INSTRUCTIONS FOR THE TASK
Search the data below, and report every line in which "Aluminum" occurs.

(Stored records)
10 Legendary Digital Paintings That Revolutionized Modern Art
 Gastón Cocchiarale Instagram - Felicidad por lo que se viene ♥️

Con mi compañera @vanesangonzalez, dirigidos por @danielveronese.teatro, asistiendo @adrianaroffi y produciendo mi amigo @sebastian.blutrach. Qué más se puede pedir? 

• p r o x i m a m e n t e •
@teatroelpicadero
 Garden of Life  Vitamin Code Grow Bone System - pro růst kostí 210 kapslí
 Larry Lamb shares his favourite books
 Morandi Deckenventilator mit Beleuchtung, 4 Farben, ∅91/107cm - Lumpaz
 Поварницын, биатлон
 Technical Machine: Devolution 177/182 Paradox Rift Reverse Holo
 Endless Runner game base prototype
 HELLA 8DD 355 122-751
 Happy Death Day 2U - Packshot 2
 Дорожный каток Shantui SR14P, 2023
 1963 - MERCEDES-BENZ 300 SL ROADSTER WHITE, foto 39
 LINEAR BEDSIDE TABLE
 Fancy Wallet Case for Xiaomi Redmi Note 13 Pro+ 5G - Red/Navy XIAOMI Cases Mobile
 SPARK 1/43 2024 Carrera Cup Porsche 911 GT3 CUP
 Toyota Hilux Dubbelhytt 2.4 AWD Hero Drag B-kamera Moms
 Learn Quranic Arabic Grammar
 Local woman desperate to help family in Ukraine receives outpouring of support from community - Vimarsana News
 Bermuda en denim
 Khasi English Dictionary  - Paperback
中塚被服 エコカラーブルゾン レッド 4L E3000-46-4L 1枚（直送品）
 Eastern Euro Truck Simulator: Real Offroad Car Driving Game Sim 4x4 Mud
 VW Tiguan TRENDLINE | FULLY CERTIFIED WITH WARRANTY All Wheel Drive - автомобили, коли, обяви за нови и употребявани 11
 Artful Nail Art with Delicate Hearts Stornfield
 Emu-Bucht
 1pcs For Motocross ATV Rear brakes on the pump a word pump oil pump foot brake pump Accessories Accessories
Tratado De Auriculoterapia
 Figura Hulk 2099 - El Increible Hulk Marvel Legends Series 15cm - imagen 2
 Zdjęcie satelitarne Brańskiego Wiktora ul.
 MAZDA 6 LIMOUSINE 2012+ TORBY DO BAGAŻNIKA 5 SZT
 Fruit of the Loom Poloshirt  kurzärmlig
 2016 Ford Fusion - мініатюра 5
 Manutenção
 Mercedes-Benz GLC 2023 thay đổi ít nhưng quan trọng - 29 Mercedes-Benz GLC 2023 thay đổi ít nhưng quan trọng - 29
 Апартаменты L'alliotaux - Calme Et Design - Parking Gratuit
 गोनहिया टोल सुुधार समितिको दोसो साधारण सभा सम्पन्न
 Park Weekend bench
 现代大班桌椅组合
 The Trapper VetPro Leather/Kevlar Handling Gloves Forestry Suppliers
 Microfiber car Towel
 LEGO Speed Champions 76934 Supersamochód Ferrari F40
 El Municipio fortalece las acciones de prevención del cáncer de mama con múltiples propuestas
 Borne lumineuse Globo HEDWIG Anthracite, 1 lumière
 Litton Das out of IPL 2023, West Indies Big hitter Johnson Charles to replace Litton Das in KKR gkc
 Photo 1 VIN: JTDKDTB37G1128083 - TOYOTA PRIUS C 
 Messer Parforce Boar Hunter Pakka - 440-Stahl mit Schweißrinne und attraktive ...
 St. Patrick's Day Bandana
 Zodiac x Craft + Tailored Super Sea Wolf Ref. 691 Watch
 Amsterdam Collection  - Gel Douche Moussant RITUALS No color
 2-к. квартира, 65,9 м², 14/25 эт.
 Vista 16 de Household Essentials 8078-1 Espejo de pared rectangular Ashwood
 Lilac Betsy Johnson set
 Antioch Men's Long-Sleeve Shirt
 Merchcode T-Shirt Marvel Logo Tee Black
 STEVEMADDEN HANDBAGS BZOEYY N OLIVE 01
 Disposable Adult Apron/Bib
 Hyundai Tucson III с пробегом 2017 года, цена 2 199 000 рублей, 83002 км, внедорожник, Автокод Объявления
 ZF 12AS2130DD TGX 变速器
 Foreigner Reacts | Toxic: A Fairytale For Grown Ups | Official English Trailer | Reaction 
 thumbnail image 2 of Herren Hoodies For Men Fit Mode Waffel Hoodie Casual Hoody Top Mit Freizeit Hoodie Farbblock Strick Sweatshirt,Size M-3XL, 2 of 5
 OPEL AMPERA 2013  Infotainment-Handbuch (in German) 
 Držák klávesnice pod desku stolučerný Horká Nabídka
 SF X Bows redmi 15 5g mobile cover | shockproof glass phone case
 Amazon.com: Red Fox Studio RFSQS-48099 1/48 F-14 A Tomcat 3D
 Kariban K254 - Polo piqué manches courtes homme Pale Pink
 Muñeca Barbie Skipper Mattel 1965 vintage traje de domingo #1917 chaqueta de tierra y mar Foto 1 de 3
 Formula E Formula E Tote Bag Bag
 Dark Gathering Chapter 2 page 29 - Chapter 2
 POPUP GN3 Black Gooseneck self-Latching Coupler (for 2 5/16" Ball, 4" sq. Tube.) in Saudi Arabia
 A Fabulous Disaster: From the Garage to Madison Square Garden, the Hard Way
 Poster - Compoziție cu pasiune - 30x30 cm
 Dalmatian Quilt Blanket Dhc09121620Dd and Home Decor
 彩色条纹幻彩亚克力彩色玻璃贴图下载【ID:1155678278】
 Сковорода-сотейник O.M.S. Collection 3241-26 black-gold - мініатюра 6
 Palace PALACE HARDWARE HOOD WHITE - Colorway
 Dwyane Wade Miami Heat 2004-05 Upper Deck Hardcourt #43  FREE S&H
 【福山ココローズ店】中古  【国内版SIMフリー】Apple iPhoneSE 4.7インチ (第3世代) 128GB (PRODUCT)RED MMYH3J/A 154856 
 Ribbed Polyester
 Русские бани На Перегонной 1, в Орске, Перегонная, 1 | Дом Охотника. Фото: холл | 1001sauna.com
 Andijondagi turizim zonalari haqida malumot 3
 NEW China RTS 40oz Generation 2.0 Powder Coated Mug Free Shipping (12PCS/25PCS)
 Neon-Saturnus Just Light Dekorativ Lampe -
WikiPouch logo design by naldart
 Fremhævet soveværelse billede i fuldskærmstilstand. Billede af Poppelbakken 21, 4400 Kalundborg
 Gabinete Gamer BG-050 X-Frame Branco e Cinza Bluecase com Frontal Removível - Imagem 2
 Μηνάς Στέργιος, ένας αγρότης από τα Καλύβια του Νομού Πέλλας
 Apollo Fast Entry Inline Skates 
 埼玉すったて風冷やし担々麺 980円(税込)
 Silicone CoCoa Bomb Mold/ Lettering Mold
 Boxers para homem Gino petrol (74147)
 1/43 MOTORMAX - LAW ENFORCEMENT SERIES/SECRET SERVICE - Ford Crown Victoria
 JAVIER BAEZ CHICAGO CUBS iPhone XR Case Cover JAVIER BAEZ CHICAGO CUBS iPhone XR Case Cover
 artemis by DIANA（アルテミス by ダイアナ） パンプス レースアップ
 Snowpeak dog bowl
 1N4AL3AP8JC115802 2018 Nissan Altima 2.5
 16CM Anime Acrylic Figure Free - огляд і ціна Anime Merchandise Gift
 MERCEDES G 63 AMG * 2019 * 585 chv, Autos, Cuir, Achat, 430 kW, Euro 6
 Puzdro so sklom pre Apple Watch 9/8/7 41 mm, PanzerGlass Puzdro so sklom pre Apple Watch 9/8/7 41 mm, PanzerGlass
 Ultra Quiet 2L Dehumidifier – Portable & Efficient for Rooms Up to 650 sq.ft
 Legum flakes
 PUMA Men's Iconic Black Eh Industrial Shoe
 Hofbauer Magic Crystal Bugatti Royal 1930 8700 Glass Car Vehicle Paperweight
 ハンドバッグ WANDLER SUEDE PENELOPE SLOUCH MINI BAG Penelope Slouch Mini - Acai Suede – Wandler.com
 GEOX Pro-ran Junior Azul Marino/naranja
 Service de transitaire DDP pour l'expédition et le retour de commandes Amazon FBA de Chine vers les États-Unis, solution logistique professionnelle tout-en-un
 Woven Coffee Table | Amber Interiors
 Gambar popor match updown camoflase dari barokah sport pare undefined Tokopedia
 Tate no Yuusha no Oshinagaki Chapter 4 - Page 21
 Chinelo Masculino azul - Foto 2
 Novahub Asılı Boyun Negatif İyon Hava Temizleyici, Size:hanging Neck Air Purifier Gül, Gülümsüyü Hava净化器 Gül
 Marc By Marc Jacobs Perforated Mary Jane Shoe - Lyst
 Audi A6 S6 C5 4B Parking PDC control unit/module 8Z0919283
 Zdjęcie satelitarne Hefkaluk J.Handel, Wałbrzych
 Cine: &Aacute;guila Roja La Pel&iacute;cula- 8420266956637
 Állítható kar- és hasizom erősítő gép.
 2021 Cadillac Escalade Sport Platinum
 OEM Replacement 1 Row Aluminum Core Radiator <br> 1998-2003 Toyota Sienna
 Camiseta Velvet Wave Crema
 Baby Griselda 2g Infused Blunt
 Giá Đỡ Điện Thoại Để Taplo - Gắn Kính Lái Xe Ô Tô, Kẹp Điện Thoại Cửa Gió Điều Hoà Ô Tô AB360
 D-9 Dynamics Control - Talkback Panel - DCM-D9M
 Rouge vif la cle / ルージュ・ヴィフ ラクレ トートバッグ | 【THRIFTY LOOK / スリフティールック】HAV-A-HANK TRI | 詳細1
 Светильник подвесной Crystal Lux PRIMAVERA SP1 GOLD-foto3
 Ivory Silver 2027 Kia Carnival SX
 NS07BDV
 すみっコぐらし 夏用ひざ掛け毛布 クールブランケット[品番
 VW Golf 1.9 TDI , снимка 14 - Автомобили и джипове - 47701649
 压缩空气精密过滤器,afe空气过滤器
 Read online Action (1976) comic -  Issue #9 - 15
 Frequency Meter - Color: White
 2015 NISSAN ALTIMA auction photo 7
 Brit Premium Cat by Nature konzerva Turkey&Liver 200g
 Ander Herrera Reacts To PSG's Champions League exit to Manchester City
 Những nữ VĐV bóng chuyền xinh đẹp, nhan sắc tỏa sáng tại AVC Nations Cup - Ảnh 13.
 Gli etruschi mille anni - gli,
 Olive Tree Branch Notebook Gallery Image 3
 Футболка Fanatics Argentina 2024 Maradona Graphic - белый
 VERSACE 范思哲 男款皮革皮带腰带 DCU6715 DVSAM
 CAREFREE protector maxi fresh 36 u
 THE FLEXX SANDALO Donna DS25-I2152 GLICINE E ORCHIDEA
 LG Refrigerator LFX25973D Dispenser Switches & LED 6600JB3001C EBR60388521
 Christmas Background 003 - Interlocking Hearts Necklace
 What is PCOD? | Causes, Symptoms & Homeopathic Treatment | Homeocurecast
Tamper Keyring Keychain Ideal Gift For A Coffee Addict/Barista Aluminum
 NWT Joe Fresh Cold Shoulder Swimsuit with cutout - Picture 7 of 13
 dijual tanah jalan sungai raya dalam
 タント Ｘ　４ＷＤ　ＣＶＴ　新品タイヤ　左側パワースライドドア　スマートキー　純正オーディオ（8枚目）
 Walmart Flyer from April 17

RESULT BELOW
 OEM Replacement 1 Row Aluminum Core Radiator <br> 1998-2003 Toyota Sienna
Tamper Keyring Keychain Ideal Gift For A Coffee Addict/Barista Aluminum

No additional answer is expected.